= Ira Osborn Baker =

American academic (1853–1925)

Ira Osborn Baker was an American academic at the Grainger College of Engineering at the University of Illinois Urbana-Champaign.

==Biography==
Baker was born in Linton, Indiana, on September 23, 1853, the son of Amanda Osborn Baker and Hiram Walker Baker. Baker enrolled at the University of Illinois (now Grainger College of Engineering) in March 1871 and graduated in civil engineering in 1874, to become an assistant in civil engineering and physics and then in charge of the department in 1878.
He was in charge of the civil engineering department for 39 years, with an overall teaching career spanning 48 years.
His married his first wife Emma Burr on 1877-08-05 and his second wife Angie Ewing Ritter on 1913-08-07, and died on 1925-11-08.

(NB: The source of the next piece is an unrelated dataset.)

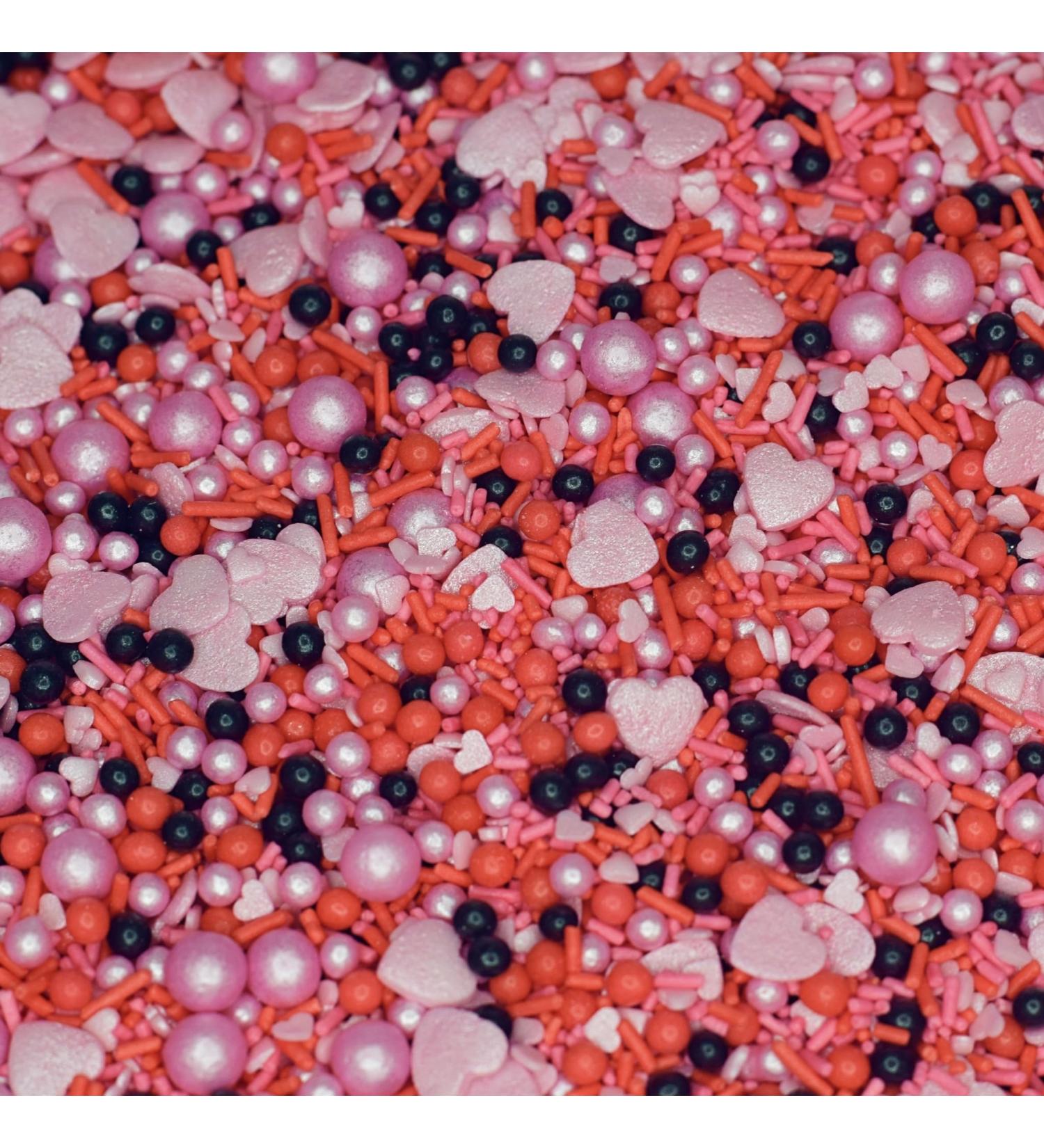 Love Bug Pink Black and Red Edible Heart Valentines Cake Topper Sprinkles - Edible Cupcake Decorations (60g)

==Treatise on Masonry Construction==
As an author, he was widely known for his 1889 Treatise on Masonry Construction which was the first comprehensive book on the subject.
He also collaborated with William A. Radford.
At the 1893 World's Columbian Exposition he led the division on engineering education, which formed the Society for the Promotion of Engineering Education (SPEE).

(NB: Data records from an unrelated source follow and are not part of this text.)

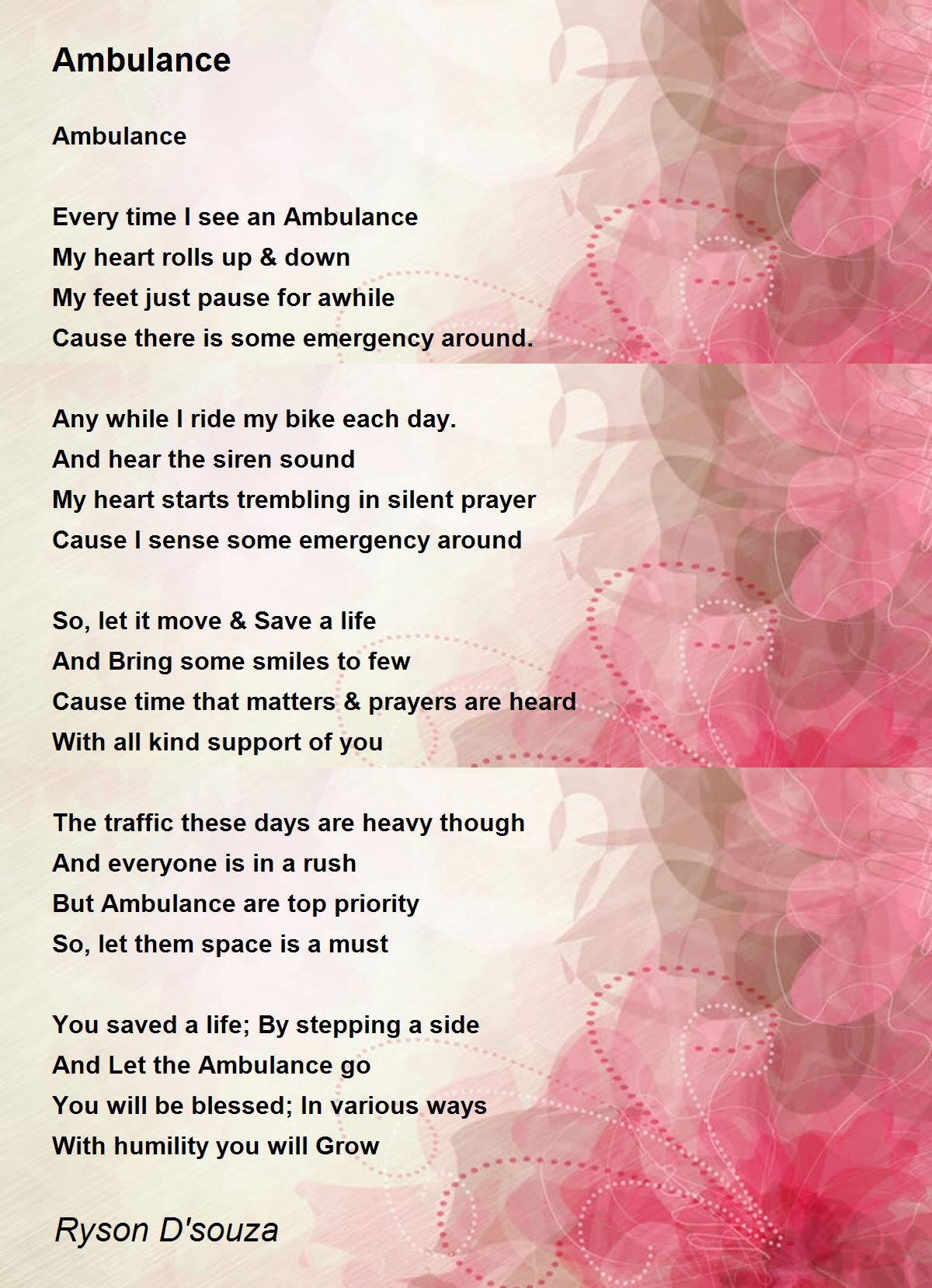 Ambulance Ambulance Poem by Ryson Dsouza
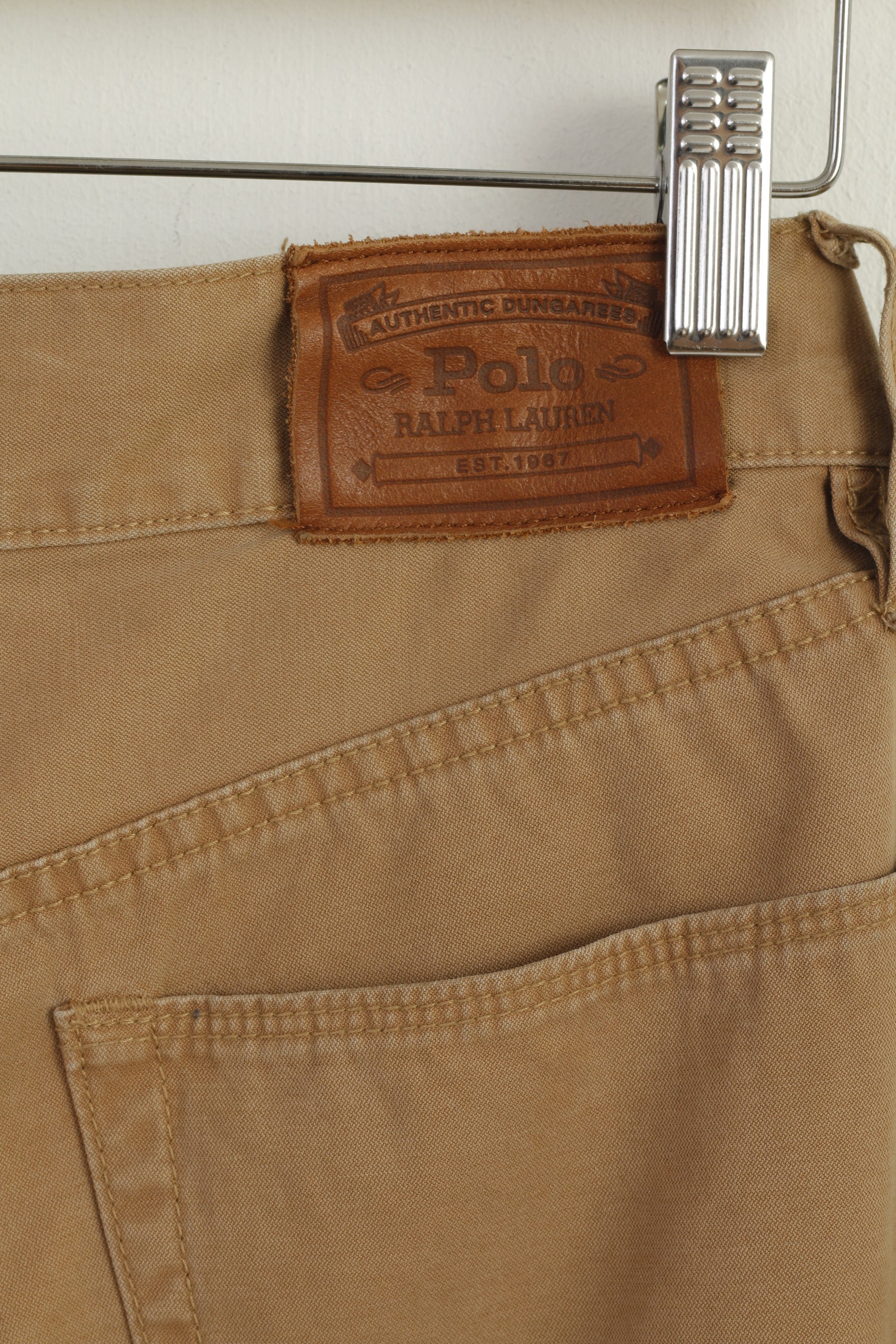 Polo Ralph Lauren Men 30 Trousers Brown Cotton Plain Vintage Straight Leg Pants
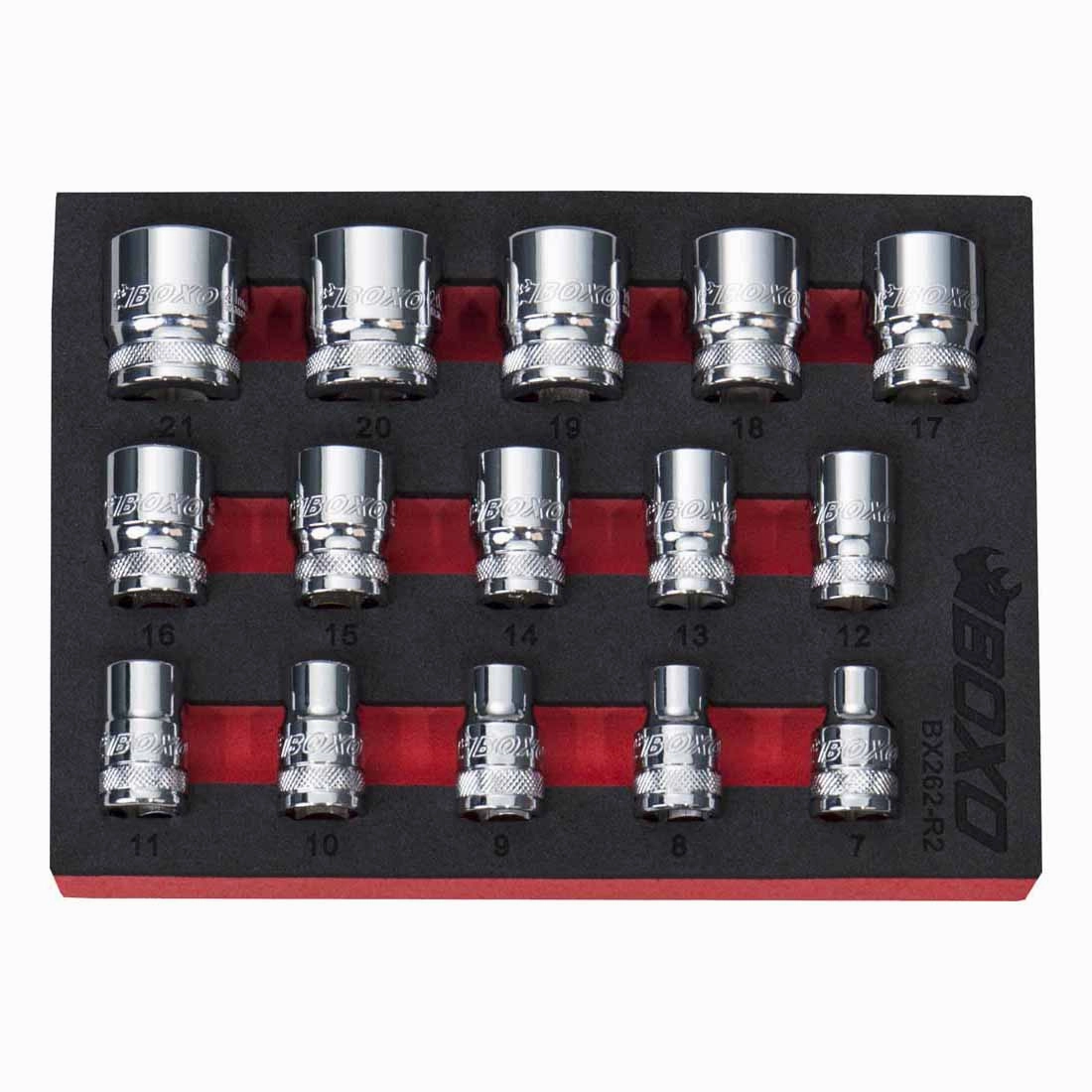 BOXO 15Pc 3/8" 12PT Socket Set (7mm to 21mm)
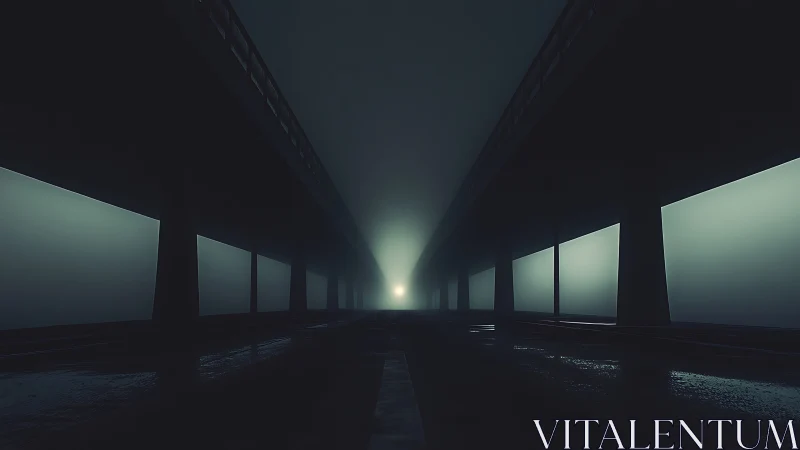 Empty highway underpasses fading into dense blue-green fog.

A contemporary review in the New York Engineering and Building Record described the Treatise as a broad and satisfactory treatment of the subject, with a few areas worthy of improvement.
The reviewer called Baker's "almost unqualified approval of dolomites" questionable, noting that New York engineers found local sources of such material substandard.
The reviewer also took issue with the illustrations for kinds of masonry and finished surfaces, which Baker had taken from a report of the American Society of Civil Engineers, observing that they were not up to the quality of the other illustrations in the book, and were somewhat misleading as rather than being illustrations of good quality work were in fact pictures of farm fences in Connecticut.
Other points that the reviewer took issue with were the use of concrete to make pneumatic foundations watertight, the reviewer asserting that "no amount of concrete will do this".

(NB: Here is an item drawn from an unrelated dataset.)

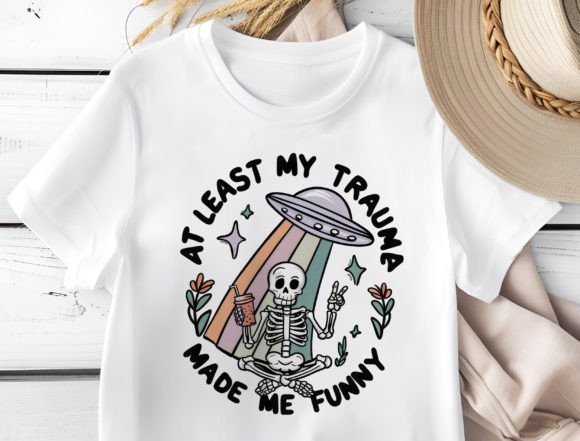 Quirky Skeleton with UFO PNG: Whimsical Design Asset
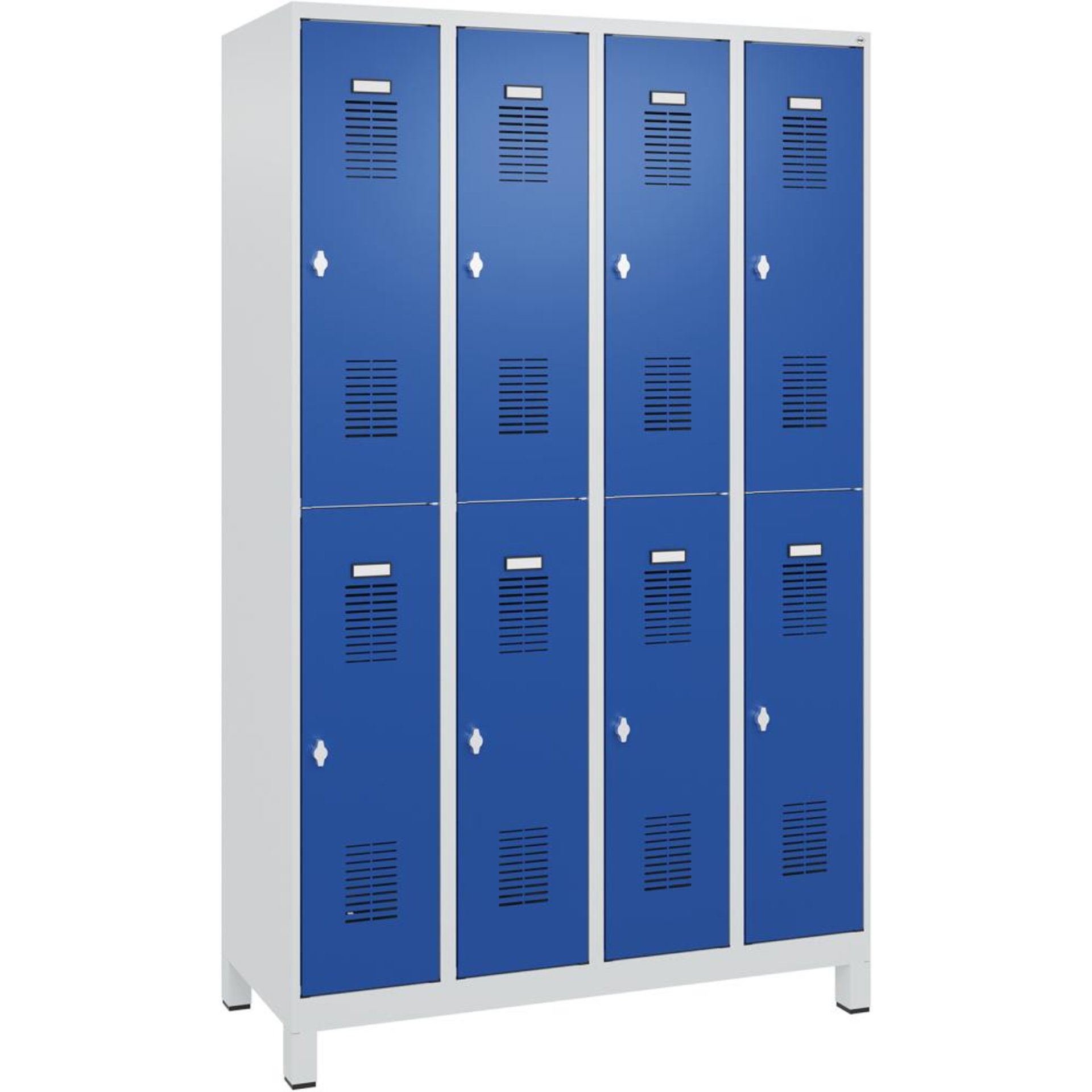 FORMAT Garderobenschrank B1200xT500xH1950 mm RAL7035/5010, 4x2 Abteileu. Füße (Selbstmontage)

The reviewer observed an omission of a 1889 expert Report of the New York Aqueduct Commission, and the lack of a chapter on inspection, given the likelihood that the engineering students that the book was originally aimed at would likely find themselves doing masonry inspection after graduation.
Conversely, the book's index, and its various tables and diagrams were described as "good"; with theoretical problems "simply and clearly stated" and typical specifications "well selected".

By 1909, the book was in its tenth edition, revised and enlarged from the first.
An example of a professional engineer's use of the Treatise was published as Fisher 1896 in the same Engineering and Building Record.